### Supplied data
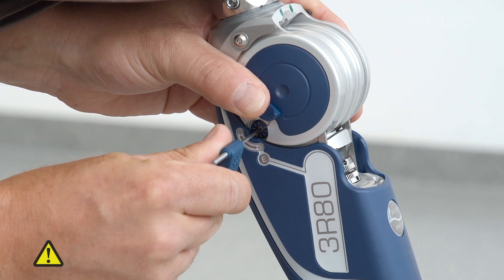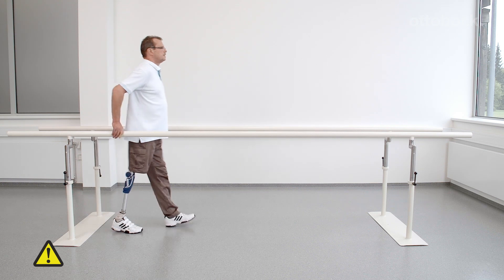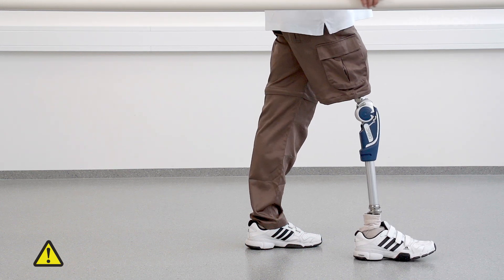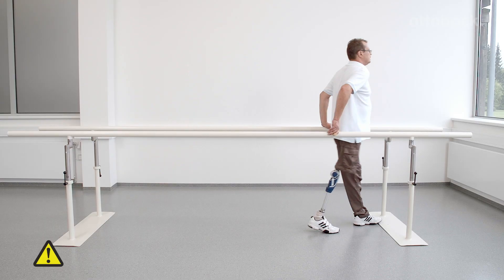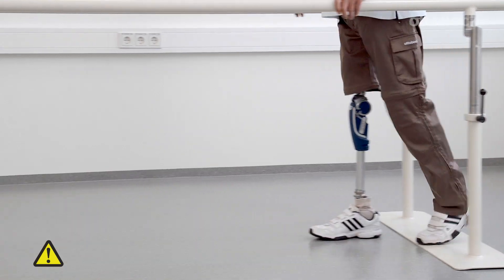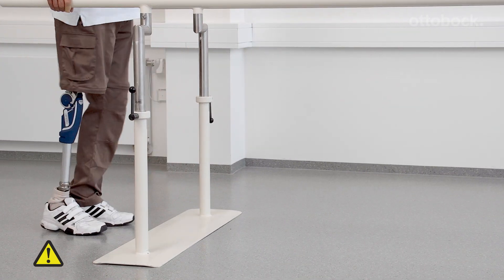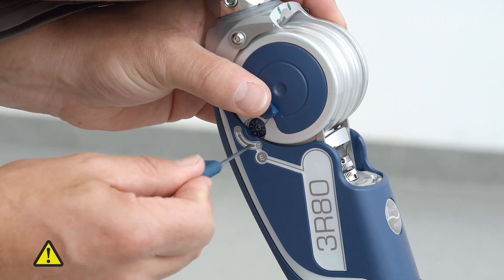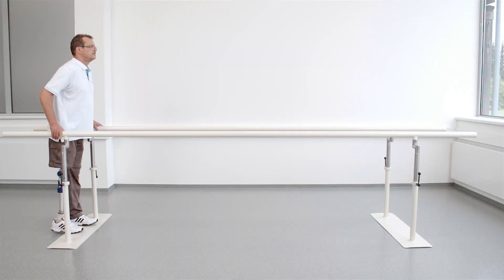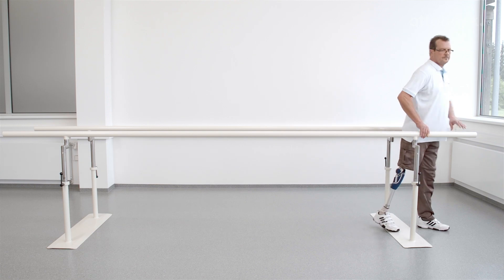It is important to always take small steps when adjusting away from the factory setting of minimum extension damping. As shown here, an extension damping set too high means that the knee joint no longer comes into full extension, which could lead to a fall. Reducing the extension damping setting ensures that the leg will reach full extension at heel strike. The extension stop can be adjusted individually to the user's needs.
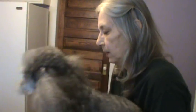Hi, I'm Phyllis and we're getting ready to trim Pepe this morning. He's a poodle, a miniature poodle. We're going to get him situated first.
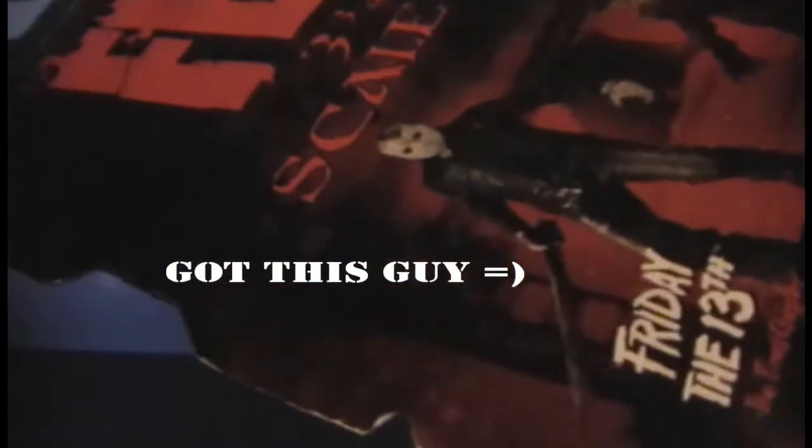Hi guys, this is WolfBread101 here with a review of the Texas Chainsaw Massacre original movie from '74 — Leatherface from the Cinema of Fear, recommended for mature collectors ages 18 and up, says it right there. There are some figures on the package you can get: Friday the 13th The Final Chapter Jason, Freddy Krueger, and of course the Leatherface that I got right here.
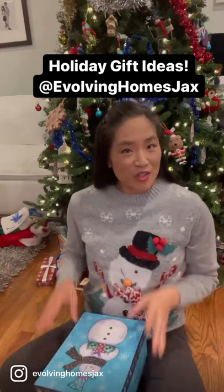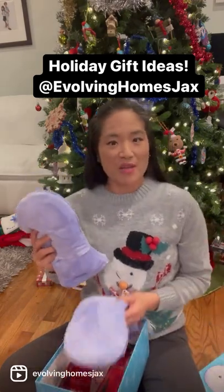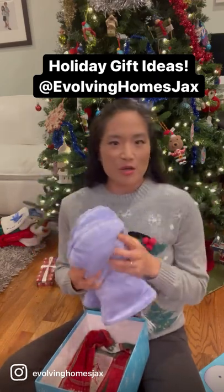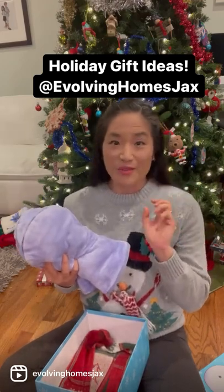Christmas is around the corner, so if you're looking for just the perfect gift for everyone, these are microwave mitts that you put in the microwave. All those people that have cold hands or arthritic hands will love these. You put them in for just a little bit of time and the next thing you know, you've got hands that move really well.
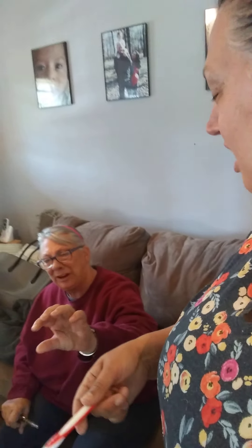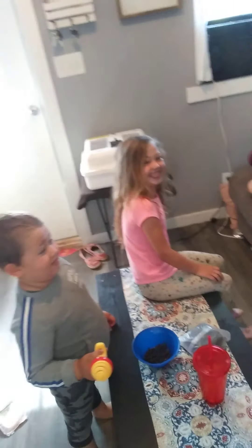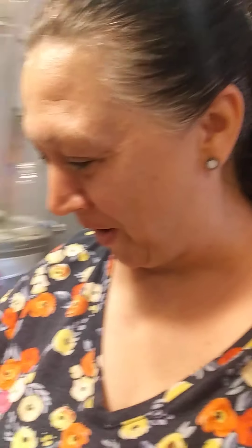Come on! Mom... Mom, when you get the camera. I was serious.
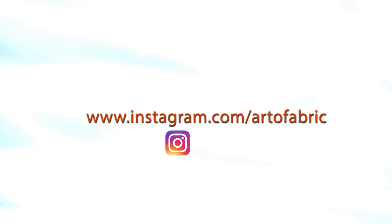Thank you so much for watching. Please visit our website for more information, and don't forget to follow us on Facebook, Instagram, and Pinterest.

### What to do
Nothing but the lines from the line containing "Come on! Mom..." through the end of the data, both ends included, is to be reproduced, exactly as written and without the pictures.

### Written solution
Come on! Mom... Mom, when you get the camera. I was serious.
Thank you so much for watching. Please visit our website for more information, and don't forget to follow us on Facebook, Instagram, and Pinterest.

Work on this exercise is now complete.